Her brow darkened. “Why would we get separated?”

“We won’t,” he said. “Stay close.”

Two corridors led off the main room, one to the left and
another straight ahead. Raith let Savannah choose. Left, she decided. The
hallways, austere hexagonal passages with smooth flooring and dead lightbeams
running their lengths, made Raith feel like he was home. Though there were
spots overgrown with moss and the occasional mold infestation, the structure
appeared intact, and he saw no apparent flaws in its craftsmanship.

Curious, he ignited and reached out to touch one of the
lightbeams. The device made a sputtering sound, then crackled to life, filling
the corridor with pale blue light.

“What’s that?” Savannah asked, shielding her eyes from the
sudden brightness. “How did you do that?”

“Back when this place had power, the main generator would’ve
fed these like any other light fixture,” he explained. “They hold a charge,
even without constant electricity. You can take them off the wall and carry
them around if you need a light. Ingenious devices.”

“How did you know what to do with it?”

“This place,” Raith said, “is like a smaller version of
Decylum. The halls back home look just like this. The walls, the lights… even
the floors.”

That was when Raith knew he’d stumbled upon a treasure trove
of resources the likes of which he could never have imagined.
This place has
everything we could ever need to expand Decylum
, he thought excitedly.
There
would be no jury-rigging, no melting down and reforming random scrap to fit
Decylum’s design. Everything would fit perfectly as-is, down to the last bolt
and rivet; a natural extension of what’s already there
. The find might even
grant him some small piece of redemption with Decylum’s people. Unlikely, given
the death toll of the expedition. But the knowledge of this place alone was
better than coming home empty-handed.

“So yours is the same sort of facility as this?” Savannah
asked.

“It’s made of the same stuff, and probably from similar
blueprints. Ours came equipped with more in the way of supplies and renewable
resources than I’ve seen here so far. Let’s keep looking.”

The corridor turned back on itself a few times before
arriving at a dead end. Doors along the way opened into a series of stark hab
units, most of them fully furnished. There wasn’t much else.
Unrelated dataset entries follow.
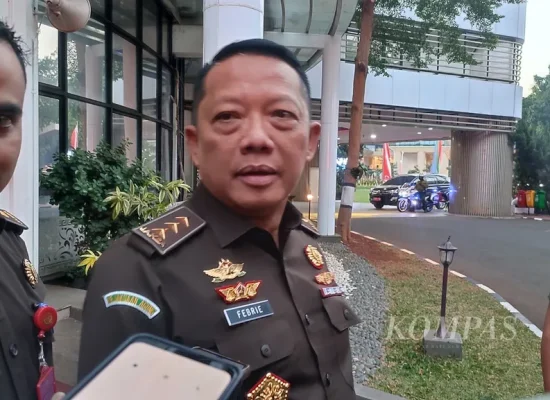 Rumah Jampidsus Febrie Adriansyah Dijaga Ketat TNI, Muncul Isu Penggeledahan di Tengah Penyidikan Korupsi Batu Bara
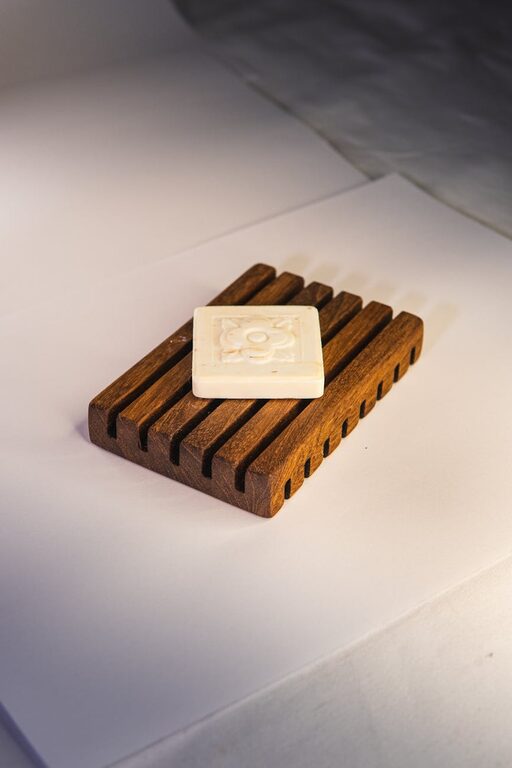 How to Create a Minimalist Bathroom Setup: A Step-by-Step Guide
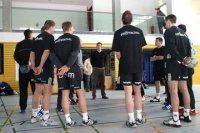 Während seine 24-stündigen Stippvisite in Kiel begrüßte Frode Hagen auch seine zukünftigen Mannschaftskameraden. Am Training allerdings nahm der Norweger nicht teil, noch war er nur zu Besuch. Während seine 24-stündigen Stippvisite in Kiel begrüßte Frode Hagen auch seine zukünftigen Mannschaftskameraden. Am Training allerdings nahm der Norweger nicht teil, noch war er nur zu Besuch.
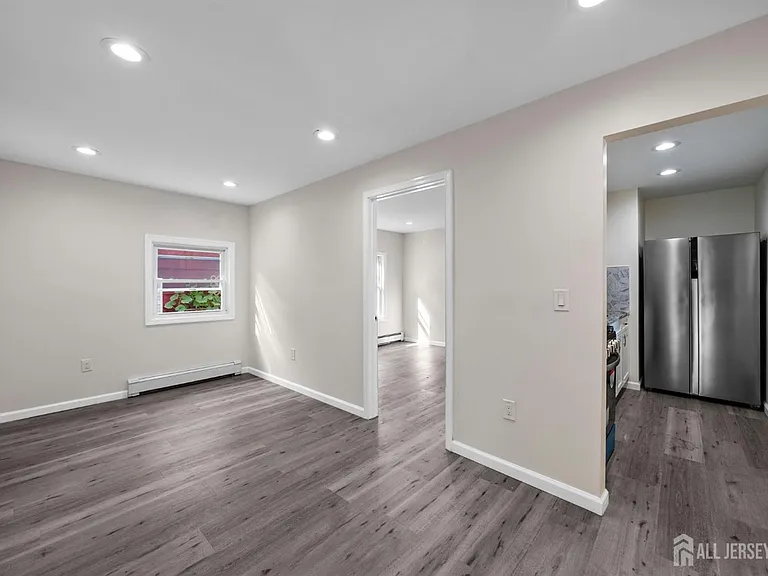 166 Prigmore St #1 — Photo 7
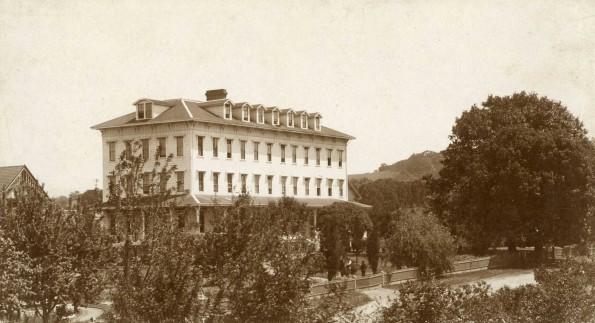 Heraldsburg College student home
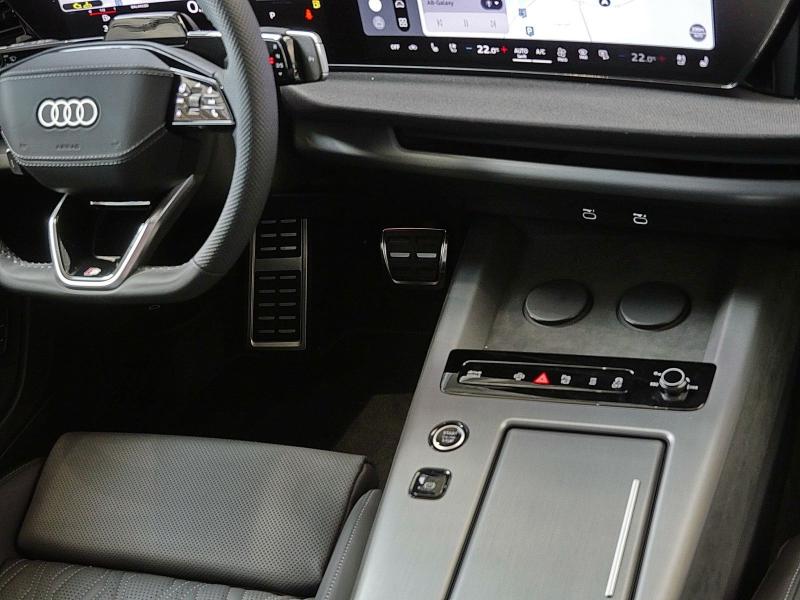 Audi Q7 S line – image 7 of 24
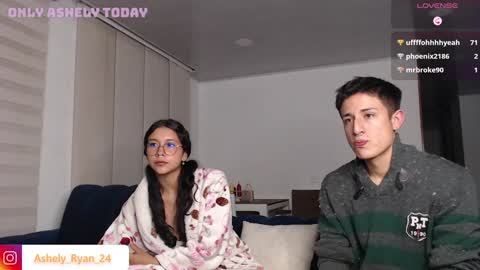 Ashley And Ryan  online show from 01.08.25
They returned to the main room and followed the second and
only remaining passage. This time, the corridor ended in a set of sliding doors
that opened onto a deep scaffolded stairwell. They clattered down two
crisscrossing flights of steps into another large, open chamber lined with
thick pipes and tall metal holding tanks of various sizes. Decylum had plenty
of these, used for everything from processing waste to transforming electrical
power.

Beyond the clusters of processing tanks lay a vast garden
area bordered by grated metal walkways, over which the familiar hanging heat
lamps that mimicked artificial daylight were suspended. As they drew closer,
they could see weeds, troops of fungi, and the snaking tendrils of vines
growing up the handrails. Every patch of earth was covered in languid greens
and browns, the sorts of plants that grew without daylight. Wall-length windows
surrounded the garden on three sides, looking in on bleak, clinical rooms
resembling the laboratories in Decylum.

“What is this place?”

“It looks like an early model of the hydroponic gardens we
have back home. You know, speaking of home, I don’t think I ever told you
why
we left.”

“No, I don’t think you did.”

“The short answer is, we’re growing too fast. We’re running
out of room to house everyone. We meant to bring raw materials back from
Belmond, but the Scarred attacked us when we arrived.”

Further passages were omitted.